++++ DATASET EXTRACT ++++
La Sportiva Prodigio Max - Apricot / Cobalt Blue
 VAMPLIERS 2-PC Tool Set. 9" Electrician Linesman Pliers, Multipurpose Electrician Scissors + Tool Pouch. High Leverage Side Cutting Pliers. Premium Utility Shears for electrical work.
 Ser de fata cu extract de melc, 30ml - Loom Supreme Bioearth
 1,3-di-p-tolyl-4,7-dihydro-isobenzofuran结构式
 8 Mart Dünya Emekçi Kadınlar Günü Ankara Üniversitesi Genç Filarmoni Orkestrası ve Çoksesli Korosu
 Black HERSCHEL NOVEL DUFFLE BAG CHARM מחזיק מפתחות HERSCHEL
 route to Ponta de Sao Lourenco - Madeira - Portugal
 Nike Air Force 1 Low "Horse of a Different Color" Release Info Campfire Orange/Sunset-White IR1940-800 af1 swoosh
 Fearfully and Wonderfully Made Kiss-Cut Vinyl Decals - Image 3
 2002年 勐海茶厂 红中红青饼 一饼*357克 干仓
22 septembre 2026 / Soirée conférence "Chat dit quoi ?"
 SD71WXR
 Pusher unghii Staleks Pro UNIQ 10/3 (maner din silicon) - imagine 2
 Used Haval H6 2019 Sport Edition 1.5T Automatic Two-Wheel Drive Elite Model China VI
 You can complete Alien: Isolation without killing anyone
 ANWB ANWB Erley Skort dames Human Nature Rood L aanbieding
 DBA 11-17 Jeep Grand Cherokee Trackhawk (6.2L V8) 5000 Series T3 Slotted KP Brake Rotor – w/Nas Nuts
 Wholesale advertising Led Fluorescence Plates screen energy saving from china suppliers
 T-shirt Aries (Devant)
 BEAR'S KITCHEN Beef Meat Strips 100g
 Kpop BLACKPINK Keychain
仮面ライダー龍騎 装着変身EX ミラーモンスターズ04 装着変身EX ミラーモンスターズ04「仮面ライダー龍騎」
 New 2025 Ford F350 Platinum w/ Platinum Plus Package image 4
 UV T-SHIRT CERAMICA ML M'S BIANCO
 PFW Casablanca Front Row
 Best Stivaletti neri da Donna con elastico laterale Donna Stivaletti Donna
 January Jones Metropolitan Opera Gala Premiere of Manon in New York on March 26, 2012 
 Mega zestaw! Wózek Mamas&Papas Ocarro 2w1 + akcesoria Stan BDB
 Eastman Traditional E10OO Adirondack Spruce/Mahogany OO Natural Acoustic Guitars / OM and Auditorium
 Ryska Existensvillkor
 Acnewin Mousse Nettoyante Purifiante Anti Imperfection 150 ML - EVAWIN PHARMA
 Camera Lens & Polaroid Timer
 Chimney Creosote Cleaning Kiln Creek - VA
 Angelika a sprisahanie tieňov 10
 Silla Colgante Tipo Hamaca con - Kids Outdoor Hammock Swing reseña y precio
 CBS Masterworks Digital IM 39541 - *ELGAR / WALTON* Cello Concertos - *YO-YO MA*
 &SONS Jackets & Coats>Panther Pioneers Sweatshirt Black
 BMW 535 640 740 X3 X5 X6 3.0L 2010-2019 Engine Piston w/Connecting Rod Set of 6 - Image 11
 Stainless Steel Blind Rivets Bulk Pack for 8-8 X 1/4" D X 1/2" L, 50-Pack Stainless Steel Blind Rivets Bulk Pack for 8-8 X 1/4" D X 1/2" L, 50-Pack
++++
ABOUT THIS EXERCISE:
Using the data above, transcribe the lines that run from the line with "Ryska Existensvillkor" to the line with "Silla Colgante Tipo", both ends kept, and output nothing else.

EXPECTED ANSWER:
 Ryska Existensvillkor
 Acnewin Mousse Nettoyante Purifiante Anti Imperfection 150 ML - EVAWIN PHARMA
 Camera Lens & Polaroid Timer
 Chimney Creosote Cleaning Kiln Creek - VA
 Angelika a sprisahanie tieňov 10
 Silla Colgante Tipo Hamaca con - Kids Outdoor Hammock Swing reseña y precio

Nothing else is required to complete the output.